Transcribe nothing except the lines below that run from the one with "Nighttime view of" to the one with "Low angle view of trees against sky at night", ends included, and do not copy any picture.

(EXTRACTED DATA Opens)

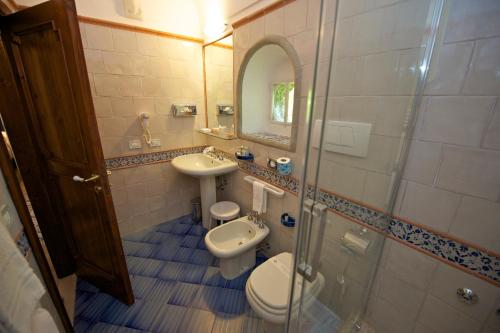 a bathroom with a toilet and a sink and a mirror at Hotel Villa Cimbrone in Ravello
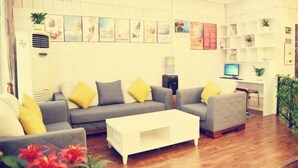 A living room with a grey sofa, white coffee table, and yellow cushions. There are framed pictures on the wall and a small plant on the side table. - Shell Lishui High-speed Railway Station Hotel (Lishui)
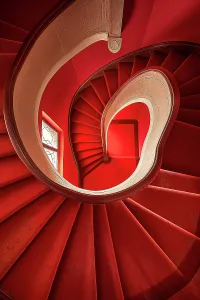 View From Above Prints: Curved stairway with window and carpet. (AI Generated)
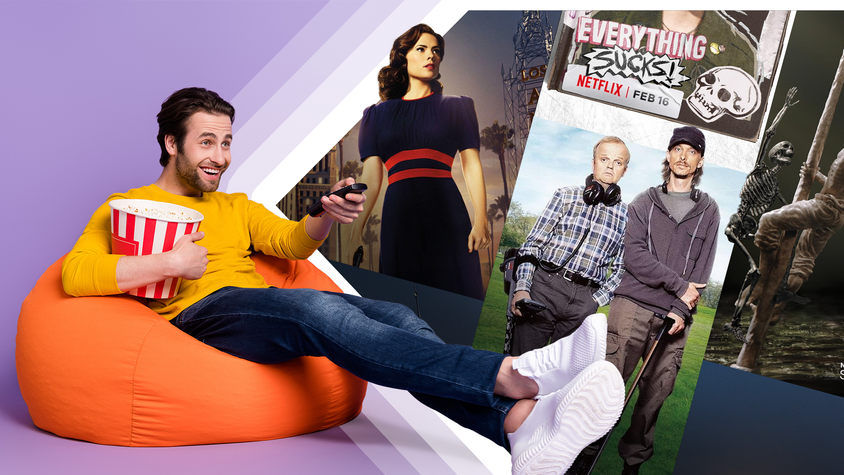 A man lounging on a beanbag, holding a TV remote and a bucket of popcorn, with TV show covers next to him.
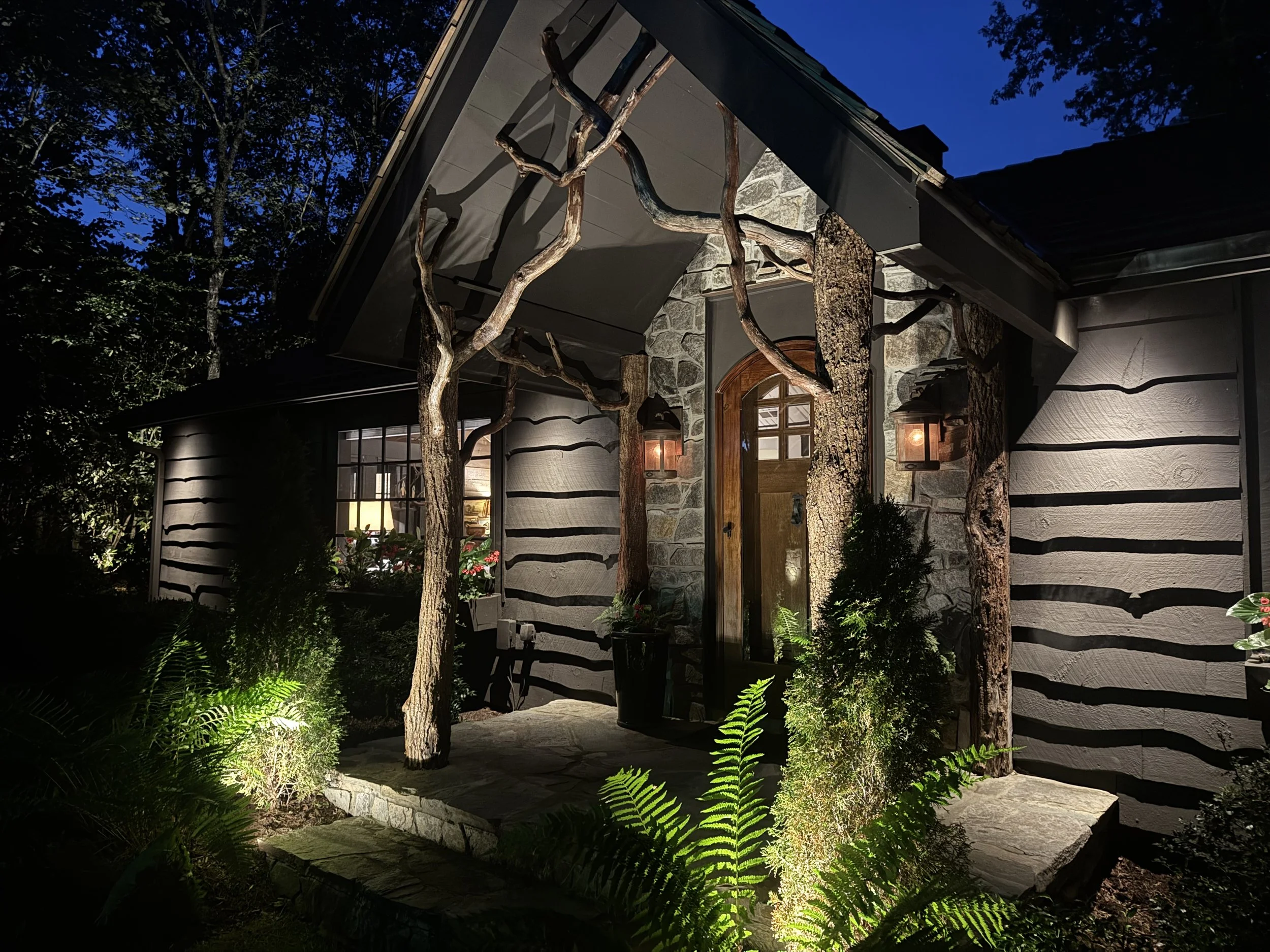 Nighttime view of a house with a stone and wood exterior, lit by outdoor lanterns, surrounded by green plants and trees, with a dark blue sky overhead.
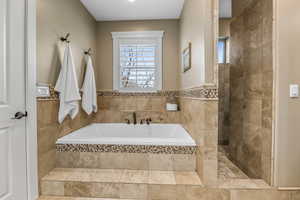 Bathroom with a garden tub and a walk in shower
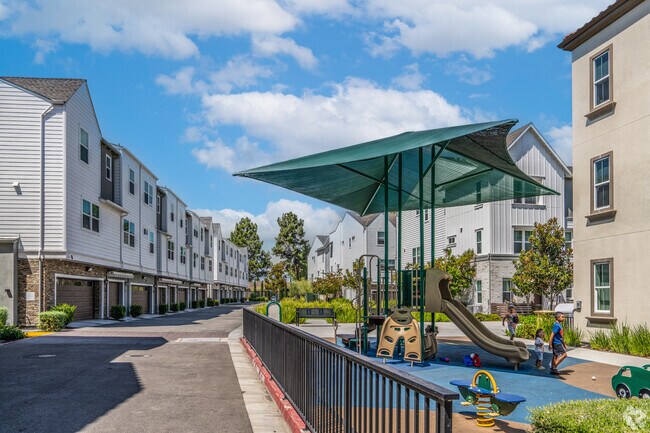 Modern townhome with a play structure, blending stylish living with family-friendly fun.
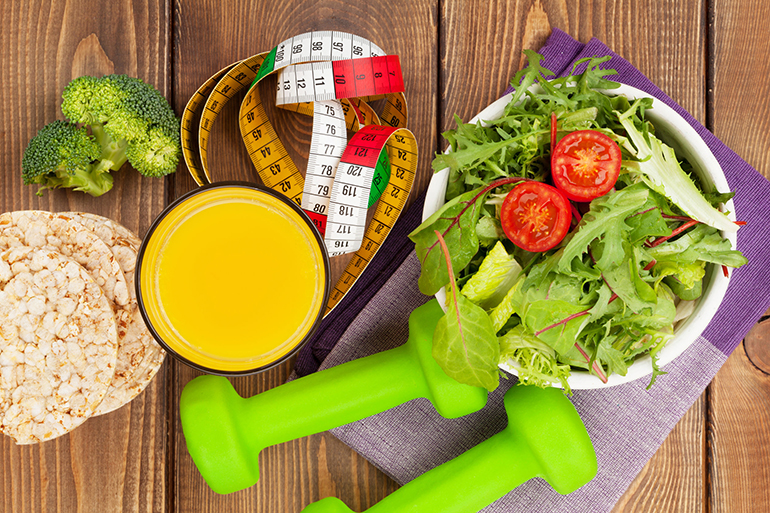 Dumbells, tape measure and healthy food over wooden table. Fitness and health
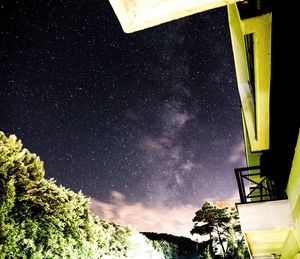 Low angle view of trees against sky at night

(EXTRACTED DATA Closes)
(EXTRACTED DATA Opens)

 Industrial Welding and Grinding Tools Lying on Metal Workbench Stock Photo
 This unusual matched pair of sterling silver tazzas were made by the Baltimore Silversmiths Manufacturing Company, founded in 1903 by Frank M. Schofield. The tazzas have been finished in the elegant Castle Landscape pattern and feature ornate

(EXTRACTED DATA Closes)
(EXTRACTED DATA Opens)

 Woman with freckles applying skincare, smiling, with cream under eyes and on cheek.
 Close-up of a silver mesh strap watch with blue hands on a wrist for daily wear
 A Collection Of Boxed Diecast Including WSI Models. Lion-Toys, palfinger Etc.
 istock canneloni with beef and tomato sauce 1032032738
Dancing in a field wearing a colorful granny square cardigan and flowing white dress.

(EXTRACTED DATA Closes)

FINISHED EXERCISE:
 Nighttime view of a house with a stone and wood exterior, lit by outdoor lanterns, surrounded by green plants and trees, with a dark blue sky overhead.
 Bathroom with a garden tub and a walk in shower
 Modern townhome with a play structure, blending stylish living with family-friendly fun.
 Dumbells, tape measure and healthy food over wooden table. Fitness and health
 Low angle view of trees against sky at night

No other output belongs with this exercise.